The doctrine of the just war has a long history which may provide a moral justification for the individual's right to resist unjust wars.
In the Old Testament, the individual was justified in resisting authority in order to obey Yahweh. For St. Augustine, one was obligated to obey the king, unless his order was clearly unrighteous or contrary to God's command. For Aquinas, individuals are not bound to obey a ruler if he gained power unjustly or issued an order that is unjust. With Luther, subjects ought to obey their rulers in doubtful cases, but not when there is certainty about the injustice of the proposed cause. Vittoria concurred with this, and allowed that the individual need not assume responsibility for assessing the reasons for war before following a leader's orders. Suarez went a step further and held that in cases of “positive doubt”—for example, when there are reasons for and against the justice of a war, the individual is bound to follow the course that is more probably just.

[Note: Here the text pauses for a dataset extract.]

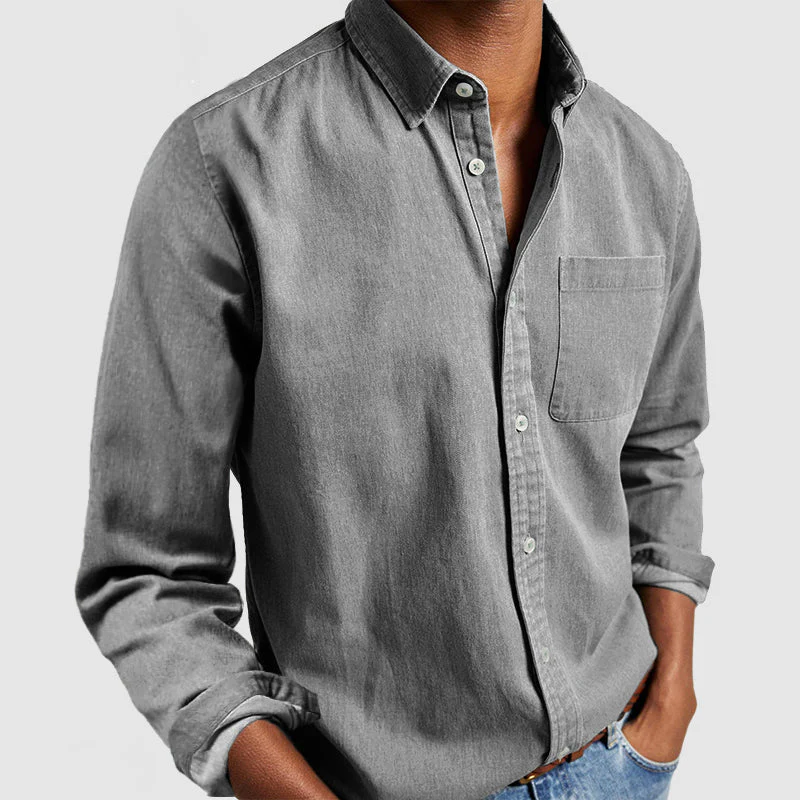 Bruce Shirt | Men's Basic Cotton Button-Up Shirt - Image 4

A major advance in theorizing occurred with Hugo Grotius, who was the first in the Christian tradition to argue against engaging in war when the cause is of doubtful justice. Conscience is to be the sovereign guide of human actions, and if opinions waver about the justice of a cause, the balance should incline in the favor of peace.
Recently, the Catholic Church has affirmed the principle that citizens, and not rulers alone, have to concern themselves with the criteria of a just war. Furthermore, in February 1980, the U.S. Catholic Conference of Bishops affirmed (implicitly) that the individual has no a priori obligation either to support or to oppose a proposed war. In effect, the government's decision need no longer enjoy any presumption of truth or justice. The American bishops also recommended that the government extend legal immunity to selective conscientious objectors, not simply to total pacifists. So far, the government has turned a deaf ear to the bishops' recommendation.